NVIDIA GPUs have schedule complete warps to execute instructions together (well, sort of; see also this question). Thus, if we have a "linear" block of, say, 90 threads (or X x Y x Z = 90 x 1 x 1) - a GPU core will have three warps to schedule instruction execution for:
- threads (0,0,0) through (31,0,0)
- threads (32,0,0) through (63,0,0)
- threads (64,0,0) through (89,0,0) + 6 unused lanes
This is straightforward and obvious. But - what happens if we have a multi-dimensional block, whose X dimension is not a multiple of 32? Say, X x Y x Z = 30 x 3 x 1 ? There are at least two intuitive ways these could be broken up into warps.
Option 1 - pack threads into full warps:
- threads (0,0,0) through (29,0,0) + (0,1,0) through (1,1,0)
- threads (2,1,0) through (30,1,0) + (0,2,0) through (3,2,0)
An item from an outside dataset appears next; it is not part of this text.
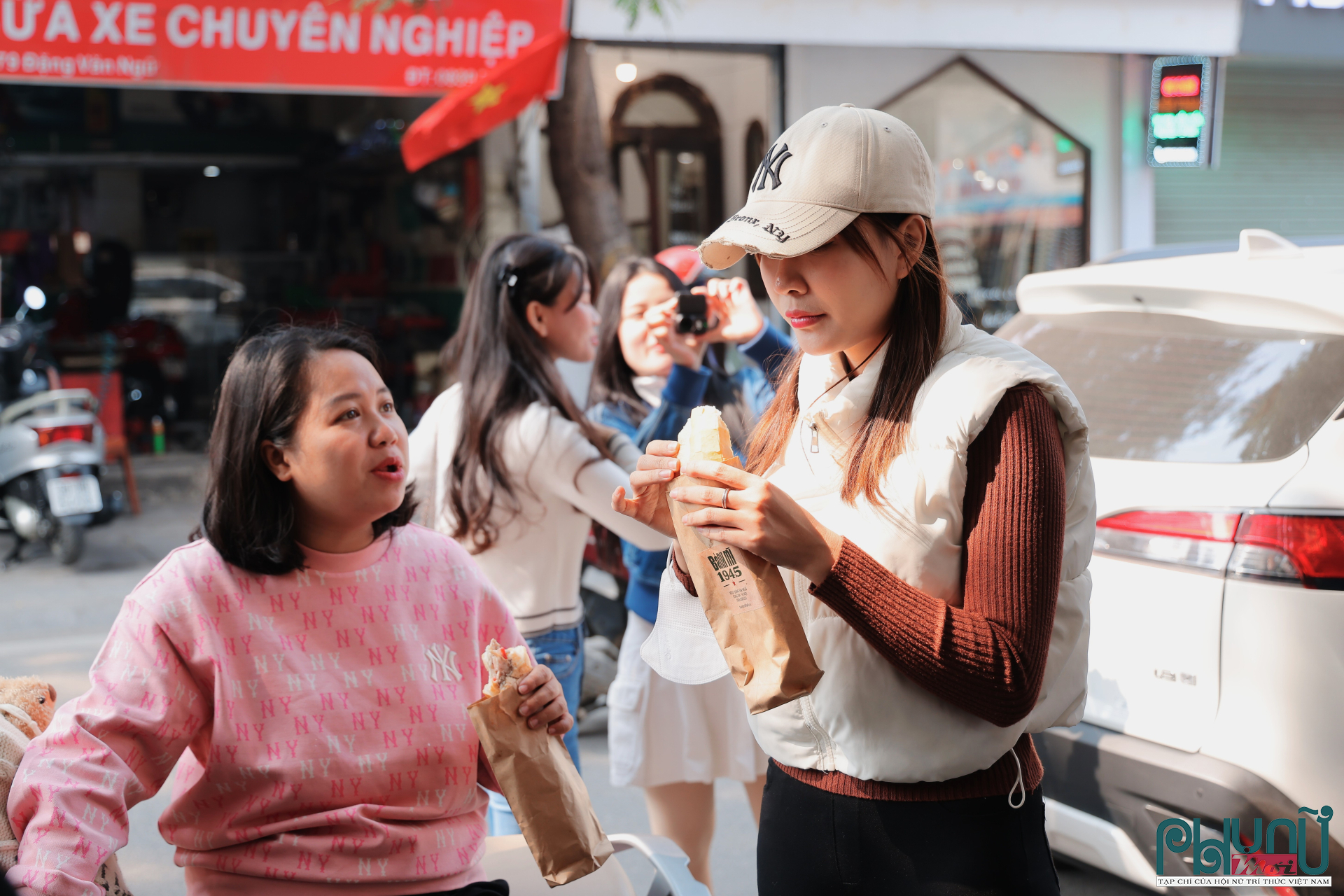 Chị Phương Anh, một khách hàng trẻ lần đầu trải nghiệm, không giấu nổi sự thích thú: 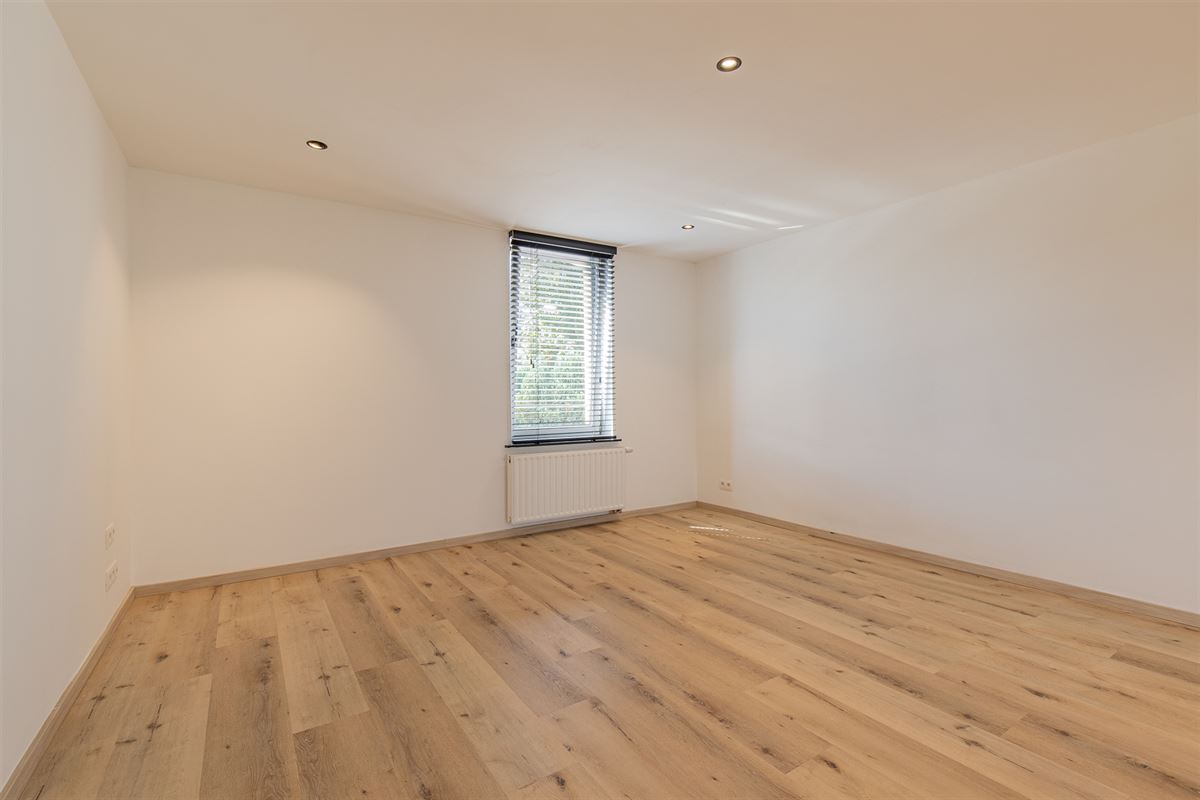 Instapklaar en ruim appartement.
- threads (4,2,0) through (30,2,0) + 6 unused lanes
Option 2 - keep threads with different z, y coordinates in separate warps:
- threads (0,0,0) through (29,0,0) + 2 unused lanes
- threads (0,1,0) through (29,1,0) + 2 unused lanes
- threads (0,2,0) through (29,2,0) + 2 unused lanes
The first option potentially requires less warps (think of the case of 16 x 2 x 1 blocks); the second option is likely to prevent some divergence within warps - although this depends on the specifics of the kernel code.
My questions:
- If I don't try to specify anything about the aggregation into warps - which option is chosen by default? And does this differ by GPU/driver?
- Can I affect which of the two options is chosen, or otherwise affect the aggregation of threads into warps in a multidimensional block?